Stream in Pennsylvania, USA

Laurel Hill Creek is a 39.9 mi tributary of the Casselman River that is located in Somerset County, Pennsylvania, in the United States. It is part of the Youghiogheny River watershed, flowing to the Monongahela River, the Ohio River, and ultimately the Mississippi River.

It is responsible for draining 126 square miles of the 576 square miles drained by the Casselman River.

==Geography==
Laurel Hill Creek drains the east slope of Laurel Hill in the Laurel Highlands and flows to the appropriately named community of Confluence, where it joins the Casselman River a few yards above the Youghiogheny. It begins in Jefferson Township, with tributaries such as Crab Run, Clear Run, Shanks Run, Shafer Run, Moore Run, Kooser Run, Gross Run, Crise Run, Buck Run, and Jones Mill Run joining its stream, and then flows through Middlecreek Township, with tributaries such as Allen Creek, Garys Run, Blue Hole Creek, Cole Run, Showman Run, Fall Creek, and Lost Creek joining it.

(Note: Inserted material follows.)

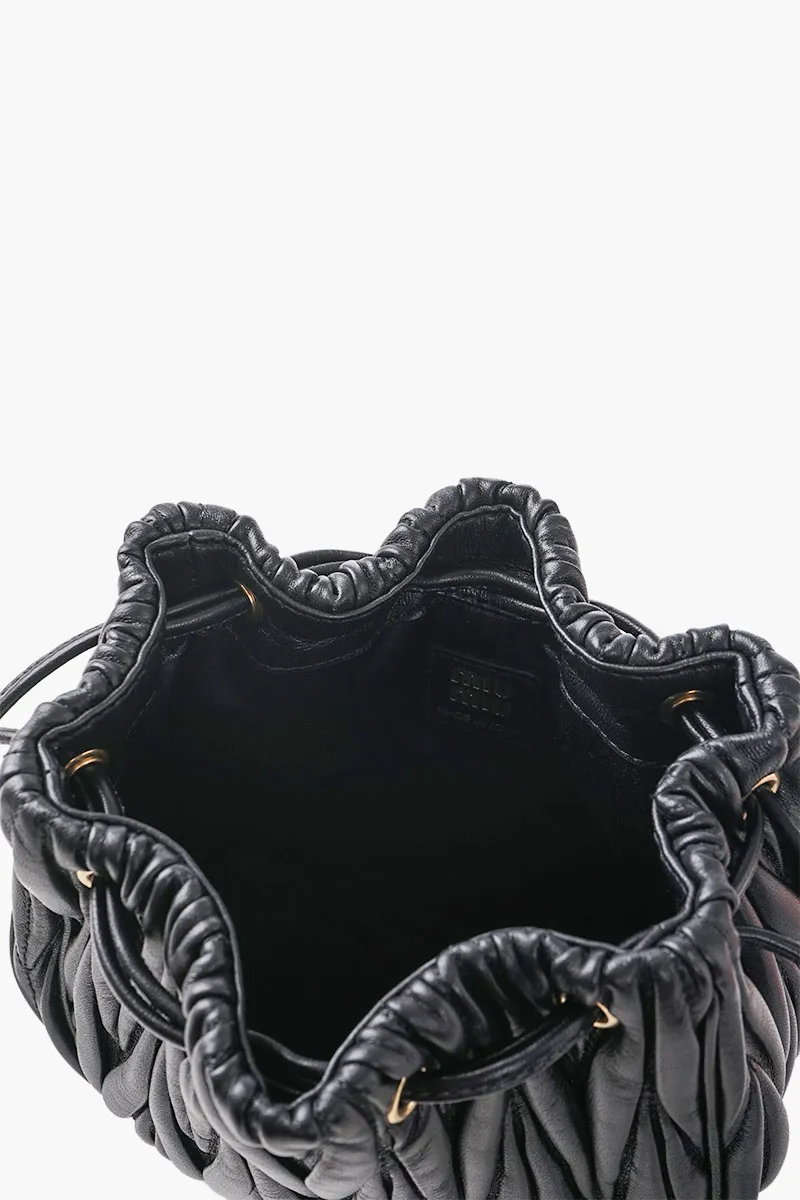 MIU MIU Drawtring Pouch in Black Quilted Nappa Leather 3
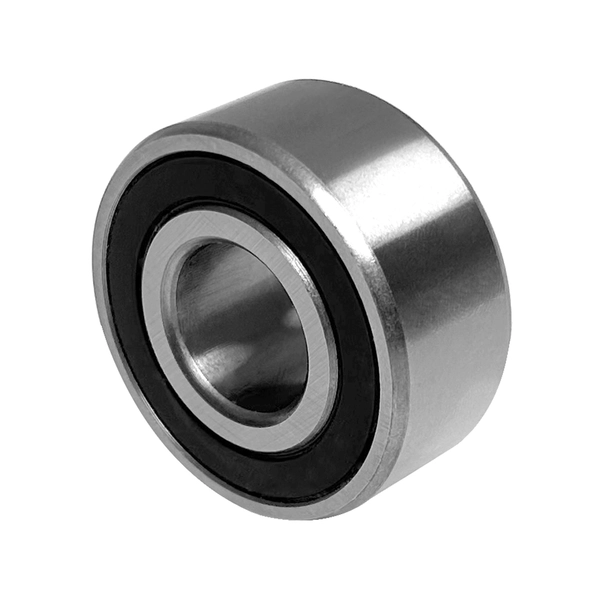Kugellager mit glänzendem Metallgehäuse und schwarzen Dichtungen, leicht schräg von vorne betrachtet.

The creek continues through Upper Turkeyfoot Township, with tributaries such as Green King Run / Whipkey Run, Mud Lick Run / Mose King Run, and Sandy Run adding to its flow. Laurel Hill Creek finally passes through Lower Turkeyfoot Township, with tributaries such as Cranberry Glade Run, May Run, and Licking Run joining it before it enters the Casselman River in Confluence, just before the Casselman River flows into the Youghiogheny River.

Laurel Hill Creek was listed at #7 on American Rivers' "Most Endangered Rivers" list for 2009.

==Bridges==
Barronvale Bridge, King's Bridge and Lower Humbert Covered Bridge cross Laurel Hill Creek.